> [What the exercise asks]
Output the listing below verbatim, from its first line to its last.

> [Supplied information]
####

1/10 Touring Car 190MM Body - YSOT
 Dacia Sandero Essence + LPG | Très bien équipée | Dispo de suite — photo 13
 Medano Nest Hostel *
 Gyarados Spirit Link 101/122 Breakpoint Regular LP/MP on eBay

####

> [Reply]
1/10 Touring Car 190MM Body - YSOT
 Dacia Sandero Essence + LPG | Très bien équipée | Dispo de suite — photo 13
 Medano Nest Hostel *
 Gyarados Spirit Link 101/122 Breakpoint Regular LP/MP on eBay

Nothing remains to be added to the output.